[Collection entries]
= Beginning of Section =
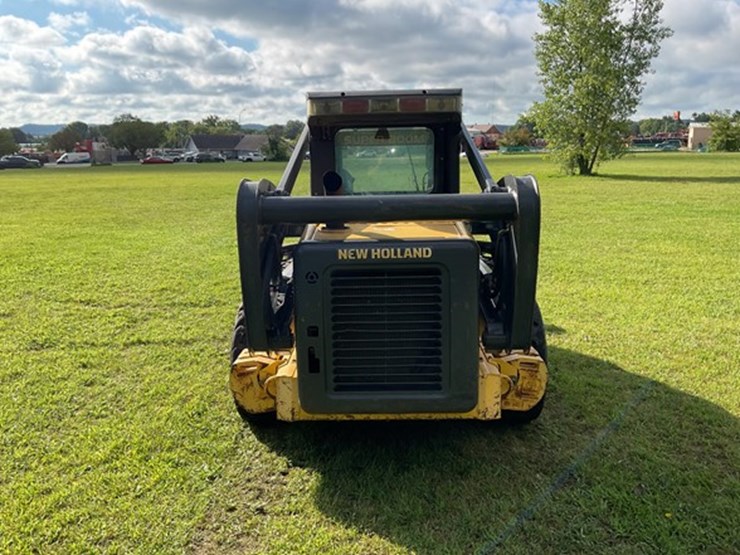 2007-new-holland-l185-image-6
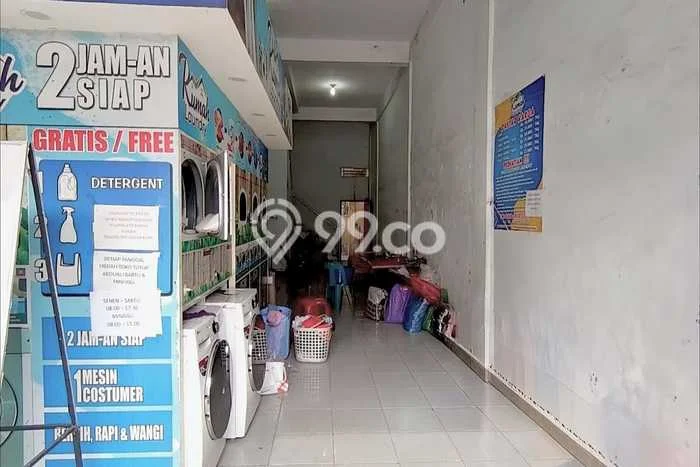 Area Ramai! Ruko Dijual di Medan Barat untuk Bisnis Luas Bangunan 224m2 Area Ramai! Ruko Dijual di Medan Barat untuk Bisnis Luas Bangunan 224m2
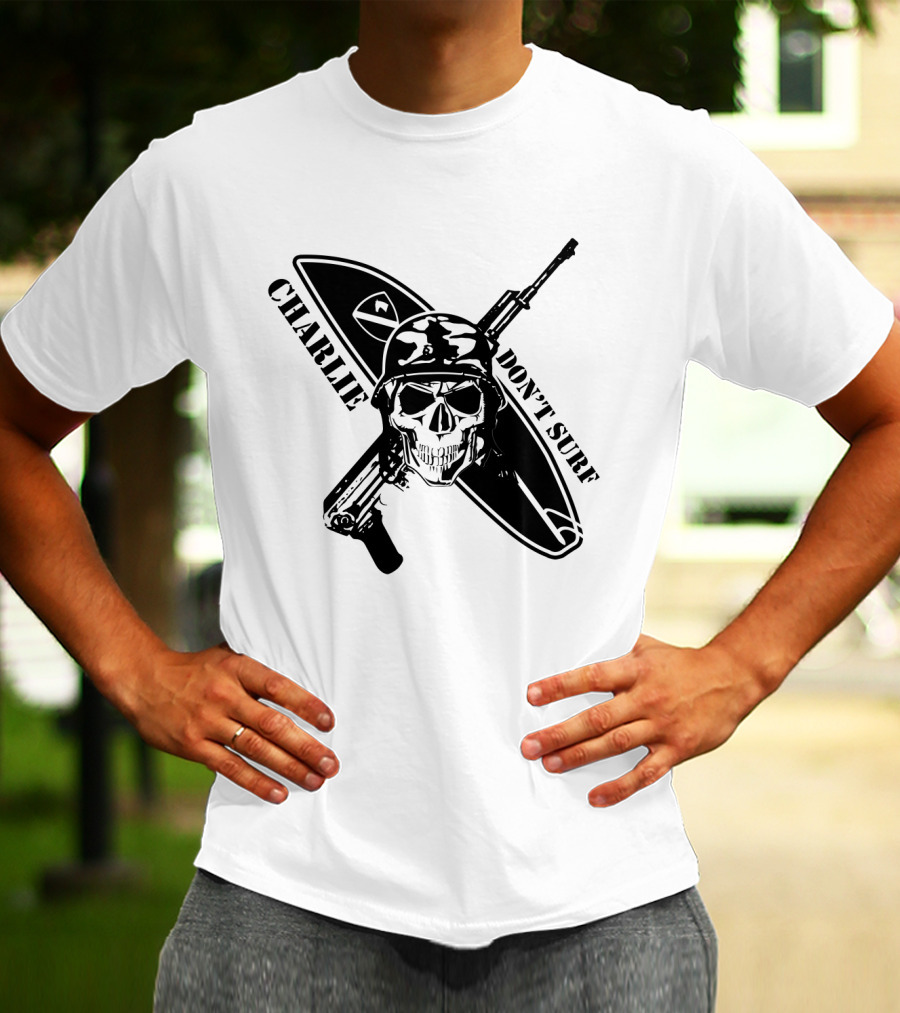 Apocalypse Now Charlie Don't Surf Skull Soldier Surfboard Rifle T-Shirt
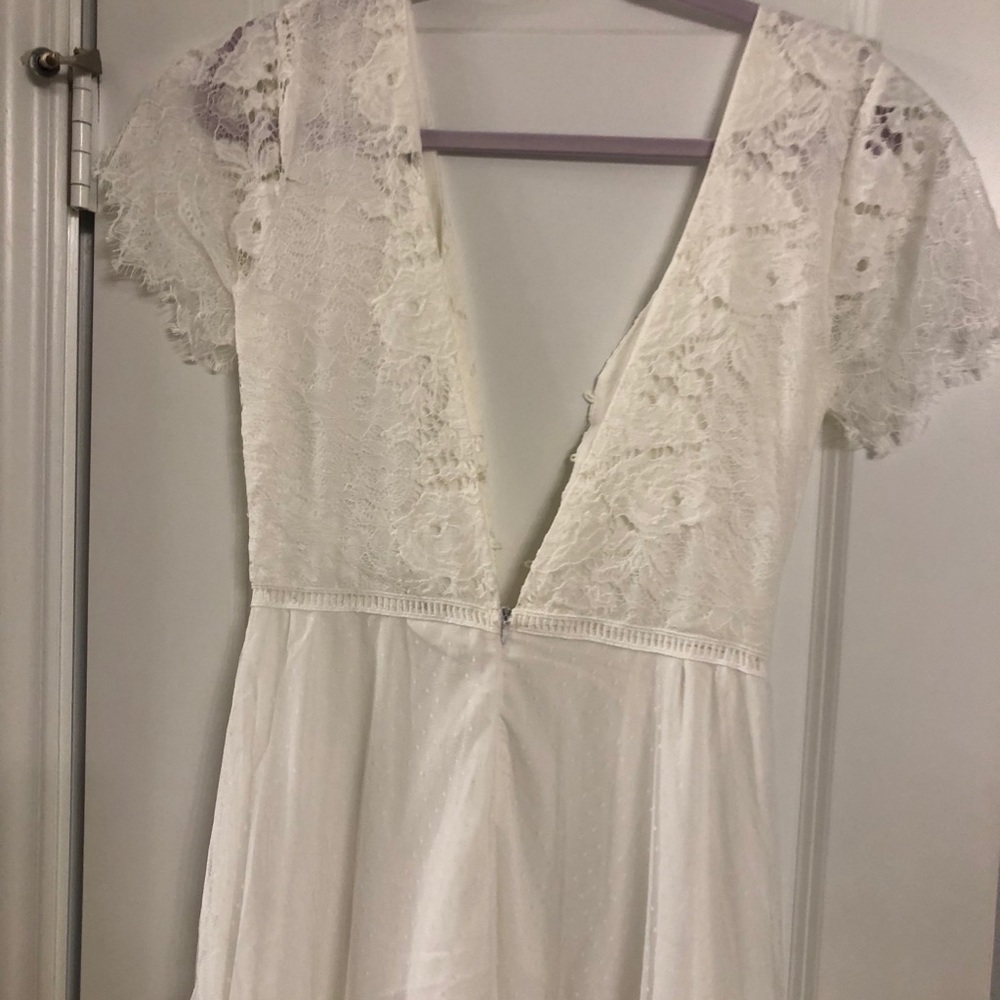 Women Xl white dress with lace detailing
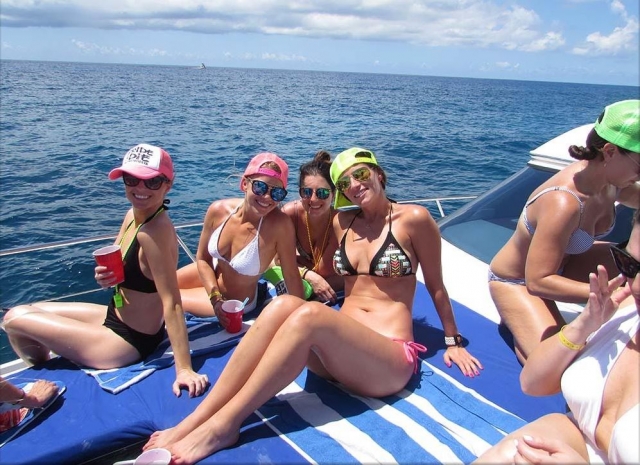 Cogiendo el sol en barco en Playa del Carmen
= End of Section =
Exercise aim: Repeat the entries word for word and skip the pictures.

Result for this exercise:
 2007-new-holland-l185-image-6
 Area Ramai! Ruko Dijual di Medan Barat untuk Bisnis Luas Bangunan 224m2 Area Ramai! Ruko Dijual di Medan Barat untuk Bisnis Luas Bangunan 224m2
 Apocalypse Now Charlie Don't Surf Skull Soldier Surfboard Rifle T-Shirt
 Women Xl white dress with lace detailing
 Cogiendo el sol en barco en Playa del Carmen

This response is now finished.